07-13-2015 01:53 PM
I have never used PROC SIMILARITY and would like some advice from the SAS Community.I have time series data (1970-2013) for 40 states. I want to cluster these 40 states into 3-4 groups based on their time series similarities. Additionally, I would like to find a way to visually represent these derived groupings (e.g., a cluster tree). My csv file has 40 columns (each state) and 43 rows (years). The SAS example for time series clustering appears fairly incomplete and I am having trouble finding the syntax for what I want to do. Can someone provide any advice?
07-13-2015 03:21 PM
I would recommend you using the Time Series Similarity node in Enterprise Miner (if it is an option for you) which outputs the clusters and the hierarchy structure.

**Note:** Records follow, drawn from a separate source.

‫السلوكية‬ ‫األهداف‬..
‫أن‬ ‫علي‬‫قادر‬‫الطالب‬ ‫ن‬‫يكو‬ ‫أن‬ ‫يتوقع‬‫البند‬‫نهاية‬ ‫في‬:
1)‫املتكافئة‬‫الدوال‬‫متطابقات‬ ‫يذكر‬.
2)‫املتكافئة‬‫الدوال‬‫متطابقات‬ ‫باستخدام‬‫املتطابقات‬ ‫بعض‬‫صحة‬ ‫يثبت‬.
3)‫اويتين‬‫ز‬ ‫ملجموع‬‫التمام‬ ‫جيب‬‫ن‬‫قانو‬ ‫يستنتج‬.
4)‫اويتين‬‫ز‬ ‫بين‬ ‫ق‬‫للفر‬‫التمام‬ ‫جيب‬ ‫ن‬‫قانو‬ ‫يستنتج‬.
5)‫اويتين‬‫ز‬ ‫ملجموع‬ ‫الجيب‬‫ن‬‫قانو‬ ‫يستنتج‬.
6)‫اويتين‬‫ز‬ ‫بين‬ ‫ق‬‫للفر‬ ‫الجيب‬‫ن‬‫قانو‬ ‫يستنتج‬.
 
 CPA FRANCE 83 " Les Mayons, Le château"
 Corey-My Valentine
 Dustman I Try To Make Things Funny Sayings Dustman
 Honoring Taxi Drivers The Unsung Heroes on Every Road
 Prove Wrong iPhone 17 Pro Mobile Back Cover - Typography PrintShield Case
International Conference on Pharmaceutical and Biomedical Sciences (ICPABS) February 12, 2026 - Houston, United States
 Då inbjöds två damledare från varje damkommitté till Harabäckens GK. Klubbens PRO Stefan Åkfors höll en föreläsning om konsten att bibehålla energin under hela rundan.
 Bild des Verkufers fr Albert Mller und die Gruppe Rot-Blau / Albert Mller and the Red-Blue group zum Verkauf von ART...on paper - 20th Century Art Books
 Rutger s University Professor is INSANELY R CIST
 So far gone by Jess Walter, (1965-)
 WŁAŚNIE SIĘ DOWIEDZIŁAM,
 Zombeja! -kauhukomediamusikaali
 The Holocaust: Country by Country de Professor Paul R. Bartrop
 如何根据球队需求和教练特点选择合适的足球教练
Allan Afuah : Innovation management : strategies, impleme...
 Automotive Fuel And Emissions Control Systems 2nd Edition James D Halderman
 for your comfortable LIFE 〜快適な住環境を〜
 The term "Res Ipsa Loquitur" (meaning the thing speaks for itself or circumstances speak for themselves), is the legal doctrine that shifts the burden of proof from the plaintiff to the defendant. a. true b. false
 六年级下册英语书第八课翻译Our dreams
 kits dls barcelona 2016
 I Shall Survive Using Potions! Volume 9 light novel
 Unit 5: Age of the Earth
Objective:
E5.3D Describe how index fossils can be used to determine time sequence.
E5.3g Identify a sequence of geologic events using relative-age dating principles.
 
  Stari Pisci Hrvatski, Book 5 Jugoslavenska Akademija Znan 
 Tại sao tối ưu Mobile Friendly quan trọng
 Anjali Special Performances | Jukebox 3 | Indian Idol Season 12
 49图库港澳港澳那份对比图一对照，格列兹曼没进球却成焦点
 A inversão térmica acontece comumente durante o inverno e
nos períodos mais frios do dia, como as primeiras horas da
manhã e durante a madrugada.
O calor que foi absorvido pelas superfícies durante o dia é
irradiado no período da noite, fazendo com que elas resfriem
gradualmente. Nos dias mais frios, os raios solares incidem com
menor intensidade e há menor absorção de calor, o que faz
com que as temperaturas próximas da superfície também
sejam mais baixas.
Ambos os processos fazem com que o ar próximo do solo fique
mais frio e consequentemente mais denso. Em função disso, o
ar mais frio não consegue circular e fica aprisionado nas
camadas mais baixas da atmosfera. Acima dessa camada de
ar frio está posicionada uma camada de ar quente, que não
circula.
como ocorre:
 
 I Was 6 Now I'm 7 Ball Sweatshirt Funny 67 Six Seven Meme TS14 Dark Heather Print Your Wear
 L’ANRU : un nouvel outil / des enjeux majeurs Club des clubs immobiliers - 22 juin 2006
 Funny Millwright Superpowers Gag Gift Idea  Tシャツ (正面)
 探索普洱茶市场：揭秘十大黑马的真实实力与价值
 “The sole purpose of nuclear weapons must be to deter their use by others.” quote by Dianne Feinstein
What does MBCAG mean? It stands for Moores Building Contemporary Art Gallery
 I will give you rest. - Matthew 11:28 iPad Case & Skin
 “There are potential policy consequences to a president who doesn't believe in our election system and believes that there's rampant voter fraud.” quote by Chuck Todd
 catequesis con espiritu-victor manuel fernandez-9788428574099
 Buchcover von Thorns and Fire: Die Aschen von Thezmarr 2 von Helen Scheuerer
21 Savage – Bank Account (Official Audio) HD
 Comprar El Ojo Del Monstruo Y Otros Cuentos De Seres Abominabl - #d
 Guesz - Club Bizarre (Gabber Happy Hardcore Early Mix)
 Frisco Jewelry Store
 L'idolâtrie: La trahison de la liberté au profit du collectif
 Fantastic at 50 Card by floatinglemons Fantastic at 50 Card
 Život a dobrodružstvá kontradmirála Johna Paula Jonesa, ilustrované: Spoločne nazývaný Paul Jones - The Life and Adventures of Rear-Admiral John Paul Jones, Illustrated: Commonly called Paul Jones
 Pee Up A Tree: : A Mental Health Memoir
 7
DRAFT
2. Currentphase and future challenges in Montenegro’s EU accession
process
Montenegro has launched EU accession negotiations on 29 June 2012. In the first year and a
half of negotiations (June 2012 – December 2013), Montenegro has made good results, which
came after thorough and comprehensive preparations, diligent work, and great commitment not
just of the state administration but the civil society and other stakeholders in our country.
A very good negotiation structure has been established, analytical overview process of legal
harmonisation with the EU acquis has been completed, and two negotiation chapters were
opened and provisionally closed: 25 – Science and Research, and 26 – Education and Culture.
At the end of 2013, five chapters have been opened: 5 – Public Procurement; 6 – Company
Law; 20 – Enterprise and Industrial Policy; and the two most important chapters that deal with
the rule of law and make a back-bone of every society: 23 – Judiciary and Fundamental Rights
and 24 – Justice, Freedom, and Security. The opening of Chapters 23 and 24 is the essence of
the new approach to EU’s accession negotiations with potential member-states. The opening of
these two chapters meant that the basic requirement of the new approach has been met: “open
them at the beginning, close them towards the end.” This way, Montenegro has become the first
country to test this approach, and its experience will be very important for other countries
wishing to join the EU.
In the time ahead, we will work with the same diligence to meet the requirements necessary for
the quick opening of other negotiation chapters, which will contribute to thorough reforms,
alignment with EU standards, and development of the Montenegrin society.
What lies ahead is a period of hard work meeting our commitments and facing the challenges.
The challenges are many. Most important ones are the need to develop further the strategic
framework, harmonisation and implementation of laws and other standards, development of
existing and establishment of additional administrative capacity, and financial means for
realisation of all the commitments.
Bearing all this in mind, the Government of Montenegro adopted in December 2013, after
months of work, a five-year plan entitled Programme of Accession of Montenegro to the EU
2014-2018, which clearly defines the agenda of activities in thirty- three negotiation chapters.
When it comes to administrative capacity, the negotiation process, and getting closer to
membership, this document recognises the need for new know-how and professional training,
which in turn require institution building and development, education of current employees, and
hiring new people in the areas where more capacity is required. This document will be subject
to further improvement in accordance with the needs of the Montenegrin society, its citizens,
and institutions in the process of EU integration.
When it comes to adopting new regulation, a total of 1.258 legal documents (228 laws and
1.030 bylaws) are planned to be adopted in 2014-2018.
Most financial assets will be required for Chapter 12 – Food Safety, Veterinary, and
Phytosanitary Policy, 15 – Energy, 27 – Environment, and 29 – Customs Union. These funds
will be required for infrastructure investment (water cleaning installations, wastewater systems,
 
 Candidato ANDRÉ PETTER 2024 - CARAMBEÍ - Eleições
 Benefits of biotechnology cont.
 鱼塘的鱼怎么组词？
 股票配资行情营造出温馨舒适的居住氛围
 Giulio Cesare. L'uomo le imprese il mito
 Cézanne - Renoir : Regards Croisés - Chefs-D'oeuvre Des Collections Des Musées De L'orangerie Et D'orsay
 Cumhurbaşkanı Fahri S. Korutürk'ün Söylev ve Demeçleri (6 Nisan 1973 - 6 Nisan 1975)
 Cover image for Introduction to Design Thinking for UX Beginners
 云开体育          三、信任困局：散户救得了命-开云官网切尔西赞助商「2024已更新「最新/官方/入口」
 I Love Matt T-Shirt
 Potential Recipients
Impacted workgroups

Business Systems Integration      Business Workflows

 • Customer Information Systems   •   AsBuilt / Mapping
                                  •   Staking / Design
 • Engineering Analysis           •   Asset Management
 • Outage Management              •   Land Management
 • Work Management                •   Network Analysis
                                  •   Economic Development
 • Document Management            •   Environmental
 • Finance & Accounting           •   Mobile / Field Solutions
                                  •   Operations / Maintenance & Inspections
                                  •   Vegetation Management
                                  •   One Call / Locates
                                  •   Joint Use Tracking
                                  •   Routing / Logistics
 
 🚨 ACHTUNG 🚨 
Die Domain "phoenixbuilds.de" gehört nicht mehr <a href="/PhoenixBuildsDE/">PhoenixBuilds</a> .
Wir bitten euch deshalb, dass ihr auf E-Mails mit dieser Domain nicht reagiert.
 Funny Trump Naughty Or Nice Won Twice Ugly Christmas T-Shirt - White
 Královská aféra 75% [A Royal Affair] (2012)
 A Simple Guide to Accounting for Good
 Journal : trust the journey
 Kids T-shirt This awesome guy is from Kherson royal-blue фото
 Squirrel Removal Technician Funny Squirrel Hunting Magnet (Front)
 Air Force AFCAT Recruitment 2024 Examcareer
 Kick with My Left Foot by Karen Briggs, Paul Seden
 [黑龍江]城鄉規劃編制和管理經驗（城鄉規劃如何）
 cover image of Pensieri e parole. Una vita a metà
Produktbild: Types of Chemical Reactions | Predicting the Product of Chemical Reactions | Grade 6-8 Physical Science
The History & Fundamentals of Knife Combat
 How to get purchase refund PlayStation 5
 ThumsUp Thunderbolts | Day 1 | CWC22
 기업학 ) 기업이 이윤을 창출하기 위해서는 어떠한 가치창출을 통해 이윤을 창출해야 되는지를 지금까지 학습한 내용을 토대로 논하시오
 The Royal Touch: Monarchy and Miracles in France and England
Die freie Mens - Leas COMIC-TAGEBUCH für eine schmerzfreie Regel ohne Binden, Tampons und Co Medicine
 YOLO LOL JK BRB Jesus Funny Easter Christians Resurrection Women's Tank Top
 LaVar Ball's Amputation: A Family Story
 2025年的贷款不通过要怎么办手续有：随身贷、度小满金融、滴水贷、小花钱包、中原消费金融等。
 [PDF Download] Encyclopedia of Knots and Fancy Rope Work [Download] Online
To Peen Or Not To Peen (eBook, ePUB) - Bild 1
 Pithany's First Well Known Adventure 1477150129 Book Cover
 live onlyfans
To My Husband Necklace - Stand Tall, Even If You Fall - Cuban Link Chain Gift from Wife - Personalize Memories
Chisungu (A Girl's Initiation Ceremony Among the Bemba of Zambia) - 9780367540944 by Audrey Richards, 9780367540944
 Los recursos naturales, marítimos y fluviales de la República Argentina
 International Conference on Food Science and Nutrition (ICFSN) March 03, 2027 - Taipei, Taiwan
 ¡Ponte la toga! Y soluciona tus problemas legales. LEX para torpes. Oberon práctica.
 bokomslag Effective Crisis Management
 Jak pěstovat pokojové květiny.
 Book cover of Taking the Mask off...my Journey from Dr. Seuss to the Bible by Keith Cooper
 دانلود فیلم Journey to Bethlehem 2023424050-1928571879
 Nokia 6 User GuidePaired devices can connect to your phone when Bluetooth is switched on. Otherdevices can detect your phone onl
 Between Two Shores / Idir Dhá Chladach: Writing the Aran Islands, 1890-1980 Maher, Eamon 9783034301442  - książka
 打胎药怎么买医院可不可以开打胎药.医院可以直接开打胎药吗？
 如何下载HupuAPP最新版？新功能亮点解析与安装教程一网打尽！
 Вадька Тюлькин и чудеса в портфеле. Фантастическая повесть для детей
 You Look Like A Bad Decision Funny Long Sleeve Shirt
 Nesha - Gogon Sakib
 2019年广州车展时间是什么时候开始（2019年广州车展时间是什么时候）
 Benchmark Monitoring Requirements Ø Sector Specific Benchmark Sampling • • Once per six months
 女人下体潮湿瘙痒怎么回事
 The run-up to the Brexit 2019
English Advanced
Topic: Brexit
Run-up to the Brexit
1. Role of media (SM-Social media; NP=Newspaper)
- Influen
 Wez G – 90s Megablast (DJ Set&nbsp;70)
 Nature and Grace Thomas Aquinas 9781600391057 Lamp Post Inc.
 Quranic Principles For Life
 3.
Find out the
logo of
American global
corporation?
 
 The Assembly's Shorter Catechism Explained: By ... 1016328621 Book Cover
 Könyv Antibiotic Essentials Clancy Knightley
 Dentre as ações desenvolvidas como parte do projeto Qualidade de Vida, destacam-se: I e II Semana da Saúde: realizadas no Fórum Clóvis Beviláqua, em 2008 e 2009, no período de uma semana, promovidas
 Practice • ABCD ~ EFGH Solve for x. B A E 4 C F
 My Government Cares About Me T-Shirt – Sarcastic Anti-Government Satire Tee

Of course, you can do the same thing in SAS (ETS installation required) through some coding yourself. You can obtain the similarity matrix from PROC SIMILARITY and then call PROC CLUSTER or CORR for analyzing the association and clustering. The basic syntax to meet your specific need will look like,
PROC SIMILARITY data=InputData out=OutputData outsum=OutSummary;
ID timeid interval = ... accumulate=... ;
TARGET series1 series2 ...;
You don't need BY statement if you don't have Cross ID.
You can then feed the OutSummary data as a Distance type to PROC CLUSTER.